Retype exactly the span of lines below from the one with "Pippin, Warden of" through the one with "fanless mini pc for kiosk". Do not include pictures.

────────

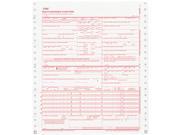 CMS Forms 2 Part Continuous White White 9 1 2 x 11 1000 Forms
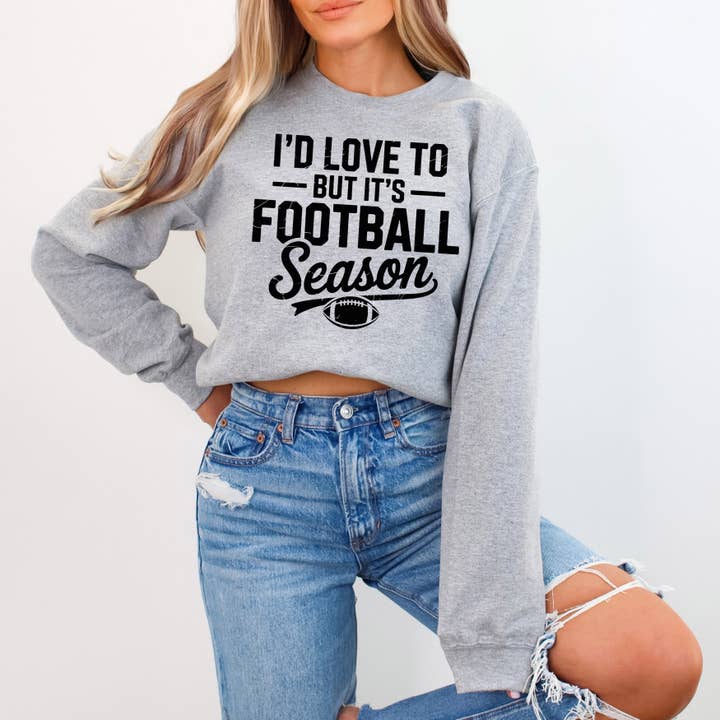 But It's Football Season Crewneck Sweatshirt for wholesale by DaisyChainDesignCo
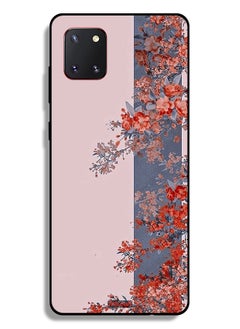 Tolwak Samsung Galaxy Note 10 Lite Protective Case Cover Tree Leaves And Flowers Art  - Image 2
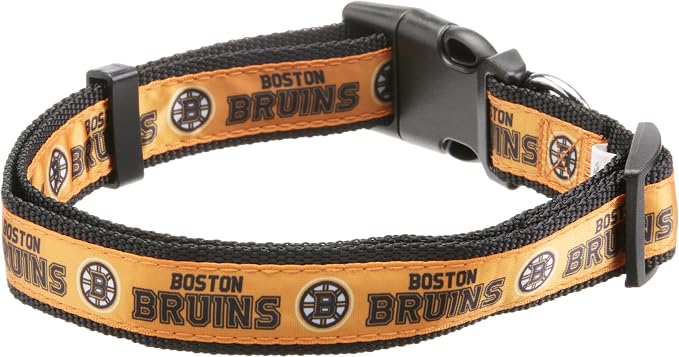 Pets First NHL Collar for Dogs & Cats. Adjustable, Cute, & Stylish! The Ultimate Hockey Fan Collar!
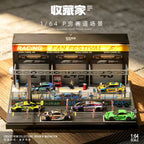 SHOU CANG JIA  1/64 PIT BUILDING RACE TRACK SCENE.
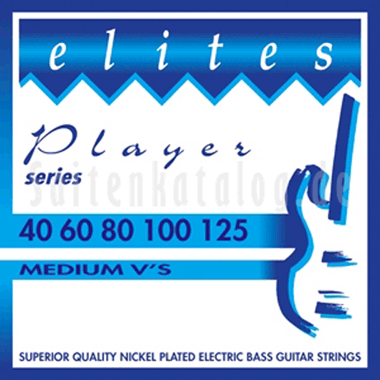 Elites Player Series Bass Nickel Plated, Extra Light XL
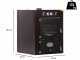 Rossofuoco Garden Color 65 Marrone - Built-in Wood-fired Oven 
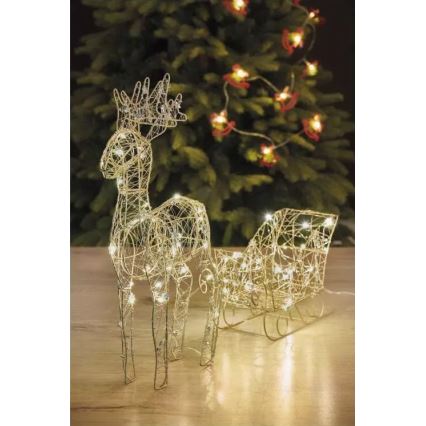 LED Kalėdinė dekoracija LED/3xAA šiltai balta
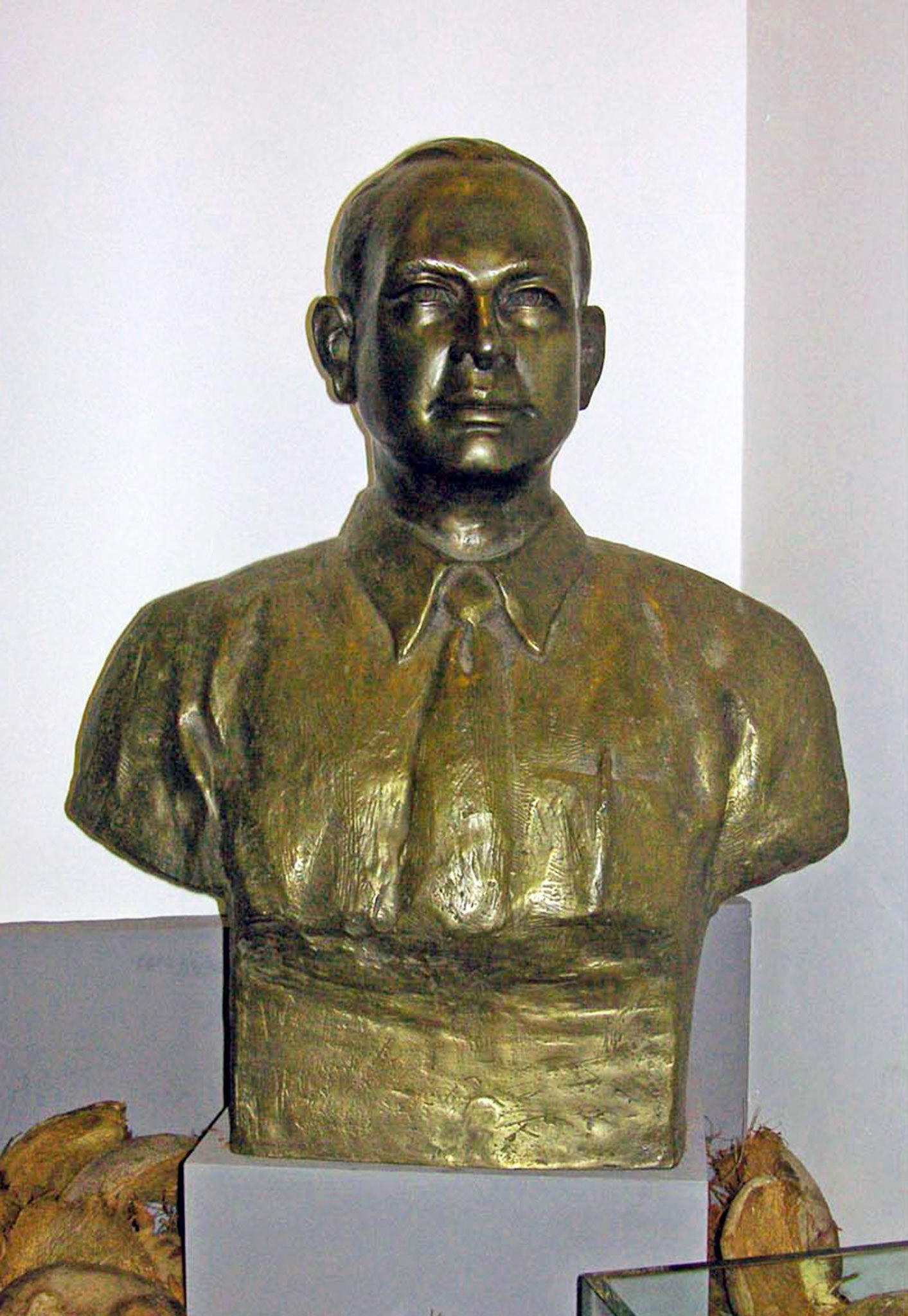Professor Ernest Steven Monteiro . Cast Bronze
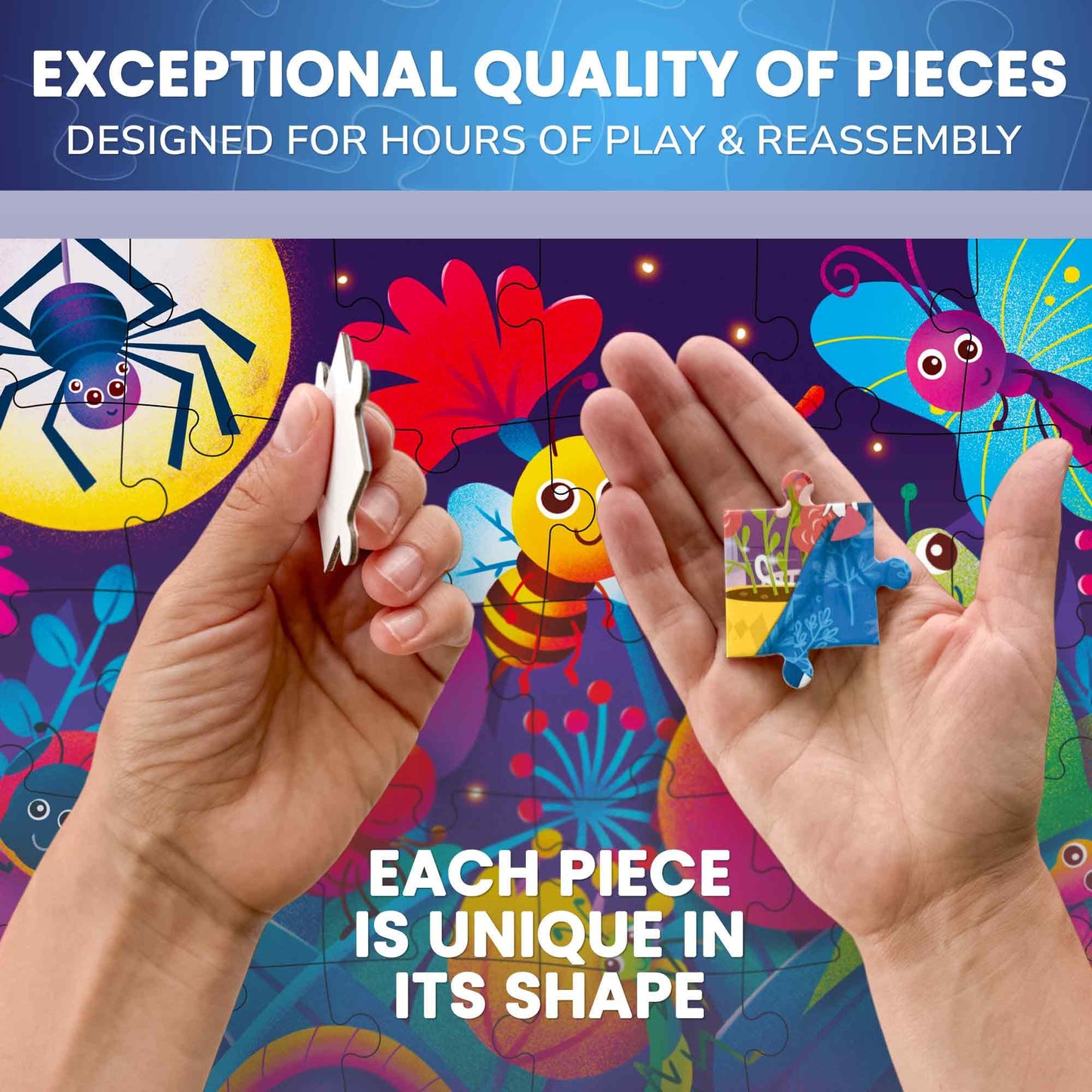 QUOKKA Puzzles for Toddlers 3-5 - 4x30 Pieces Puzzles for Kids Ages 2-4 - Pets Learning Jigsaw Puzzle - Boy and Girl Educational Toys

────────

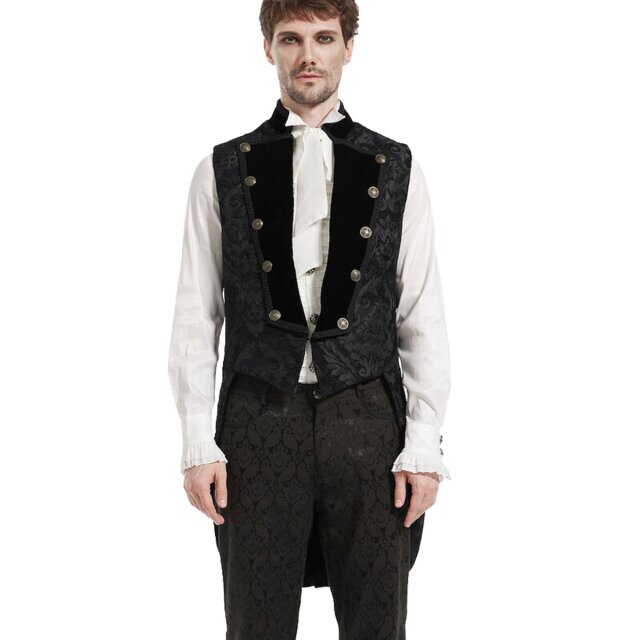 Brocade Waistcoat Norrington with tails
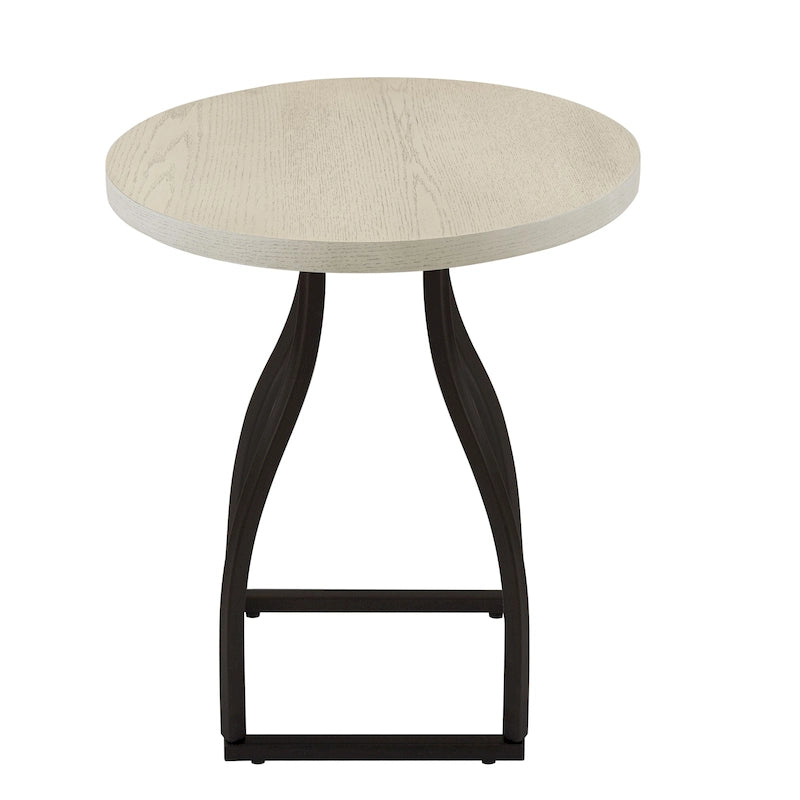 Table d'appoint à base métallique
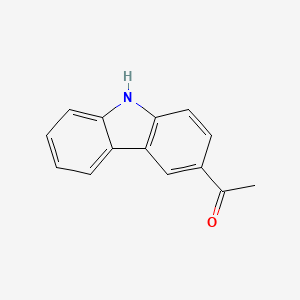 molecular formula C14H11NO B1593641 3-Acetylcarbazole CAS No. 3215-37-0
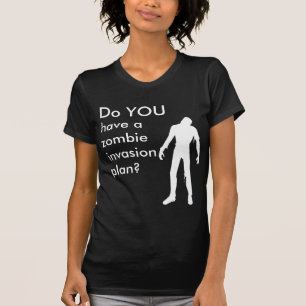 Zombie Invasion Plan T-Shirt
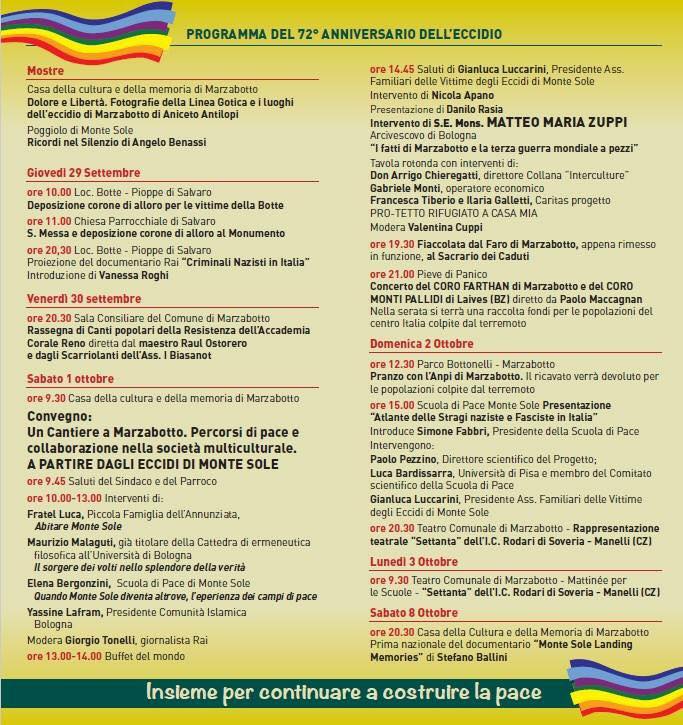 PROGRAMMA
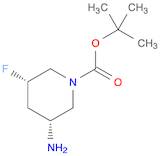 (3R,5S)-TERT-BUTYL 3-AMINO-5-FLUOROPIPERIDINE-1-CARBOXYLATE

────────

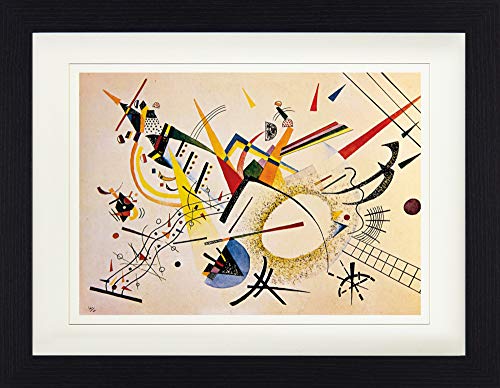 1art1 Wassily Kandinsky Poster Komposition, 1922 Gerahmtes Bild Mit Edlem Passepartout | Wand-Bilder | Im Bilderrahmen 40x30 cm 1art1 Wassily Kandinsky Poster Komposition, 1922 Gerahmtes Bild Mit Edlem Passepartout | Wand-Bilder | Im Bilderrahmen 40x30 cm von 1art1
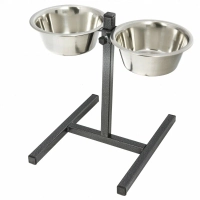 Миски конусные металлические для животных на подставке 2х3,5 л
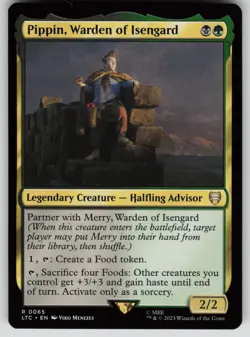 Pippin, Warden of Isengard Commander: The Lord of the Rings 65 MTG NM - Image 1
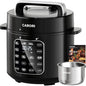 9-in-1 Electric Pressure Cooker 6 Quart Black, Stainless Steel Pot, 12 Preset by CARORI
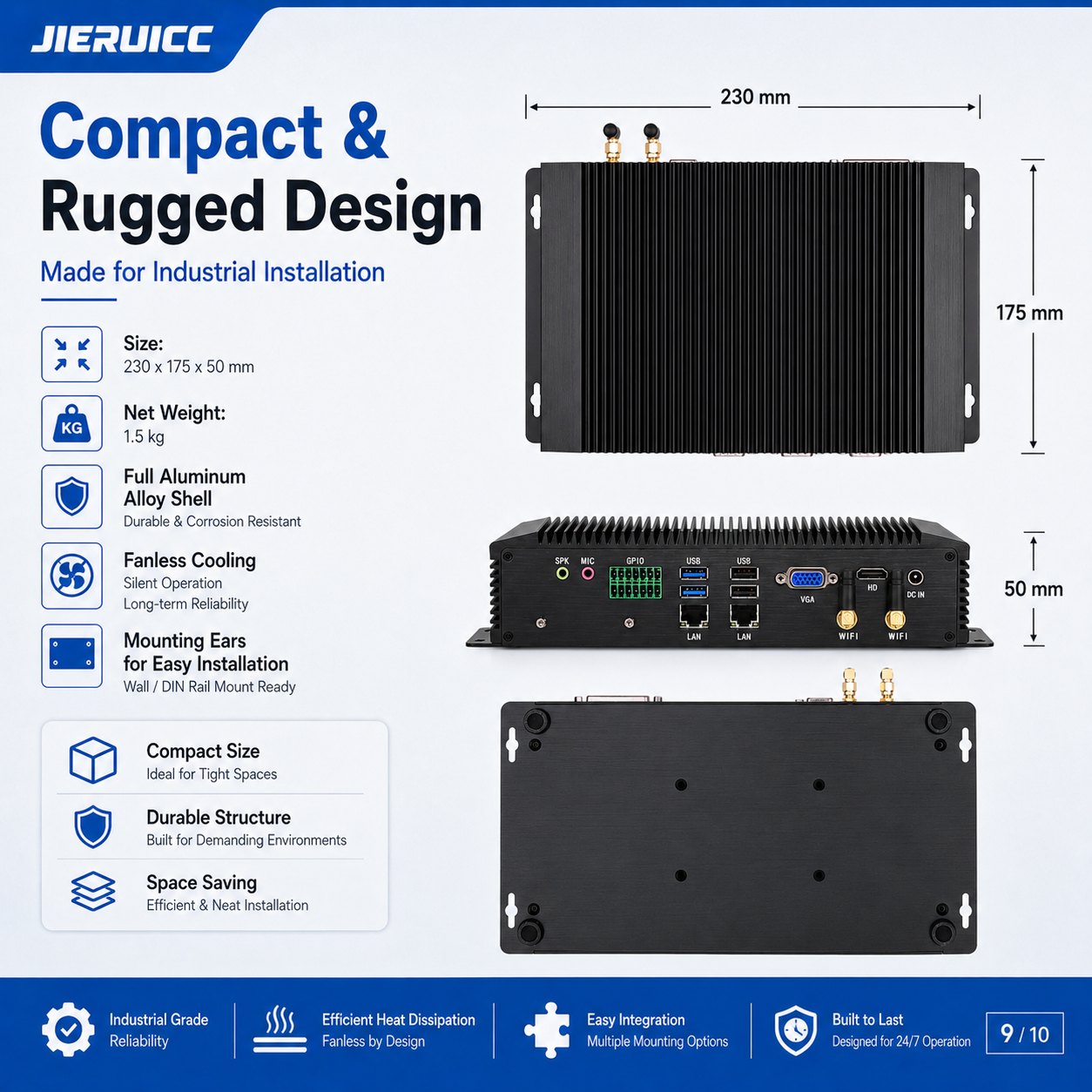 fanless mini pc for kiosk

────────

▸ **Exercise answer**:
 Pippin, Warden of Isengard Commander: The Lord of the Rings 65 MTG NM - Image 1
 9-in-1 Electric Pressure Cooker 6 Quart Black, Stainless Steel Pot, 12 Preset by CARORI
 fanless mini pc for kiosk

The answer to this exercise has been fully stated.